15 maio 2008

BARRANCOS E A GUERRA CIVIL DE ESPANHA




A Guerra Civil de Espanha no concelho de Barrancos

A terrífica guerra fratricida que marca a vida da Espanha entre 1936 e 1939 é, indubitavelmente, um acontecimento horrível que marca igualmente o nosso país e, em particular, os territórios que definem a fronteira entre os dois países.

Miguel Rego


Quando em meados de Fevereiro de 1936 a Esquerda Republicana ganha as eleições por menos de 500 000 votos (4,5 milhões contra 4 milhões de votos dos partido de direita, não levando em conta os votos dos partidos radicais que rondaram o meio milhão), a Espanha torna-se um país bicéfalo e a abrir as portas a um conflito armado. O país tradicionalista e religioso não aceitou a derrota e a 18 de Julho, a partir das Canárias, o General Franco apela à sublevação “nacionalista” que o levará até ao norte de África onde inicia o Alzamiento (o levantamento militar) que o perpetuará no poder durante 30 anos.

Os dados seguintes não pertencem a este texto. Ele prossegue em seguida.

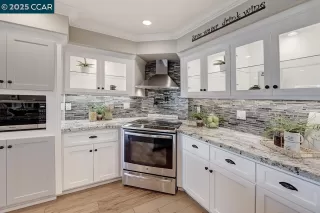 Photo #4: 41106404 Listing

O conflito dura até 1939, transformando-se num campo de ensaios industriais e tecnológicos com fins militares, que servirá em particular para a Alemanha nazi preparar a II Guerra Mundial. O bombardeamento de Guernica, imortalizado por Picasso, é um dos mais violentos e mais paradigmáticos exemplos deste conflito sem regras em que se transformou esta guerra.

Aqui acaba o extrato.